A drawer may ratify an unauthorized signature or forgery, thereby foregoing the right to assert the unauthorized signature against another party. Whether a party ratified an unauthorized signature or forgery is a question of fact. Furthermore in order for a court to find that a particular factual pattern is ratification, the facts must not be susceptible to any other interpretation.


The 1990 revisions added an encoding warranty, by which a party who encodes information on the face of a check is held strictly liable for such encoding. Banks have traditionally encoded checks by employing Magnetic Ink Character Recognition technology (MICR), and they are increasingly shifting to Optical Character Recognition (OCR) technology.

The MICR and OCR line on the bottom portion of the check contains three fields. The first field contains the routing number of the payor bank, which tells the depository and collecting banks where to send the check.

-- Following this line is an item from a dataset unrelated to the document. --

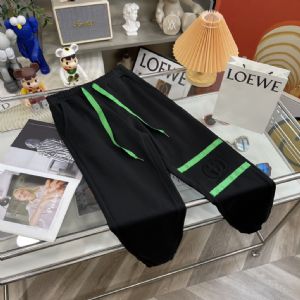 讲讲名牌著偧品男装工厂正品拿货价位——《今日公布》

The second field contains the drawer's account and check numbers, which tells the payor bank which account to debit. The first and second fields are generally encoded by the drawee bank before the preprinted check form is given to its customer. The third field shows the amount of the check. The third field is generally encoded manually by the depository institution.

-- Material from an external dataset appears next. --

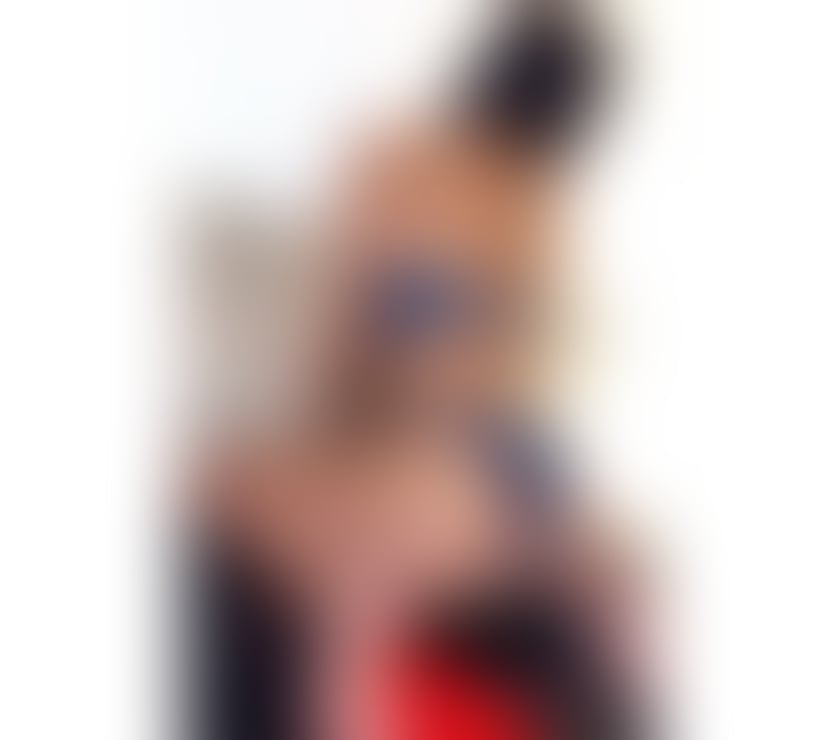 Escort Cobham Gravesham - Photos for Alexia new in town party girls♥️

Definition of Ordinary Care

The definition of negligence standards used in the law were standardized in the revision. Ordinary care with respect to persons engaged in business, such as banks, means the observance of reasonable commercial standards, prevailing in the area in which the person is located, with respect to the business in which the person is engaged. The definition further specifies that in the case of a bank that takes an instrument for processing for collection or payment by automated means, reasonable commercial standards do not require the bank to examine the instrument if the failure to examine does not violate the bank's prescribed procedures and the bank's procedures do not unreasonably vary from general banking usage not disapproved by the law. This endorses the procedure of not verifying signatures on checks below a certain dollar amount (within reasonable limits).


The bottom line from these developments is that employers and businesses are now likely to be responsible for part of the loss incurred in check fraud cases.

They should be put on notice that they need to implement policies under which (1.) banks they deal with are kept current on who is authorized to issue and sign checks, (2.) limit the number of people so authorized and (3.) adequately review canceled checks and statements as quickly as possible after they are received, to ensure they have been properly issued and paid.